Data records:

┄┄┄┄┄┄

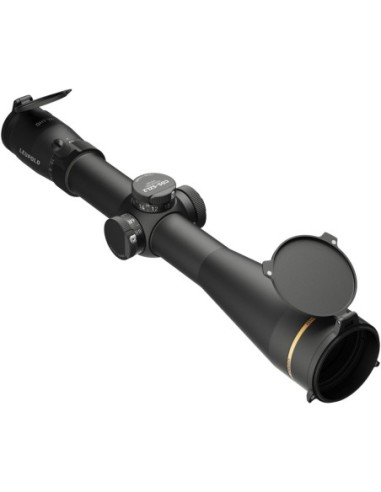 Visor LEUPOLD VX-6HD GEN 2 4-24x52 Side Focus CDS-SZL2 FireDot Duplex ilum.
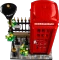 LEGO Ideas - Rote Londoner Telefonzelle Vorschaubild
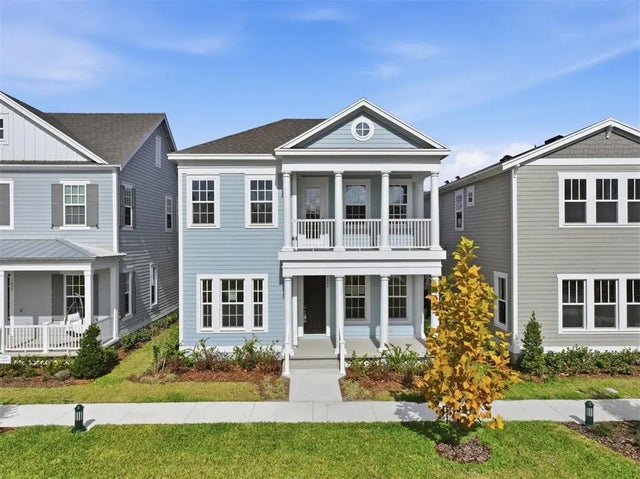 1884 Seawall Way, CELEBRATION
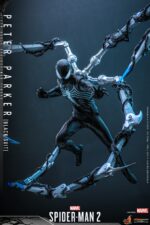 Spider-Man 2: Peter Parker (Black Suit) - Imagen 2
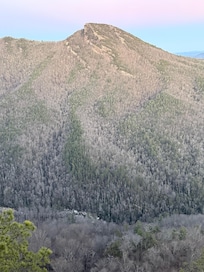 The view from Wiseman’s view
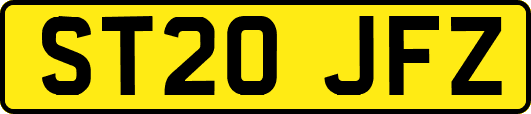 ST20JFZ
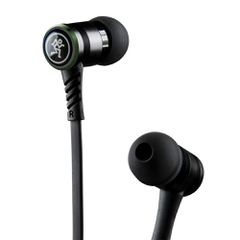 Mackie CR-Buds High Performance In-ear Headphones with Mic - MACKIE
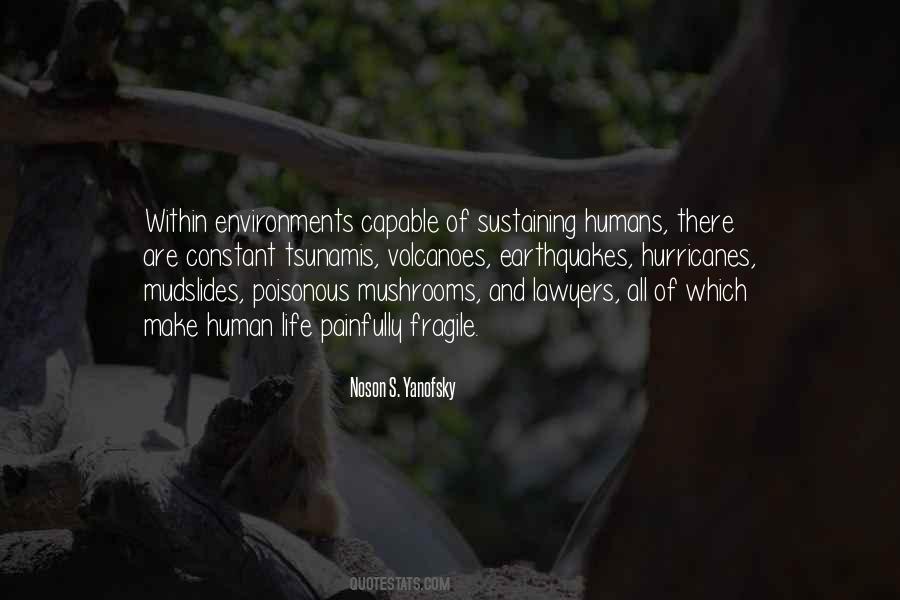 Quotes About Mushrooms #871345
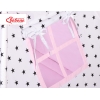 Teltsæt Tipi Telt Børn med legetæppe  Lyserød Pink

┄┄┄┄┄┄

DESCRIPTION OF THE TASK: Please return all of the entries word for word, excluding the pictures.

YOUR RESPONSE:
 Visor LEUPOLD VX-6HD GEN 2 4-24x52 Side Focus CDS-SZL2 FireDot Duplex ilum.
 LEGO Ideas - Rote Londoner Telefonzelle Vorschaubild
 1884 Seawall Way, CELEBRATION
 Spider-Man 2: Peter Parker (Black Suit) - Imagen 2
 The view from Wiseman’s view
 ST20JFZ
 Mackie CR-Buds High Performance In-ear Headphones with Mic - MACKIE
 Quotes About Mushrooms #871345
 Teltsæt Tipi Telt Børn med legetæppe  Lyserød Pink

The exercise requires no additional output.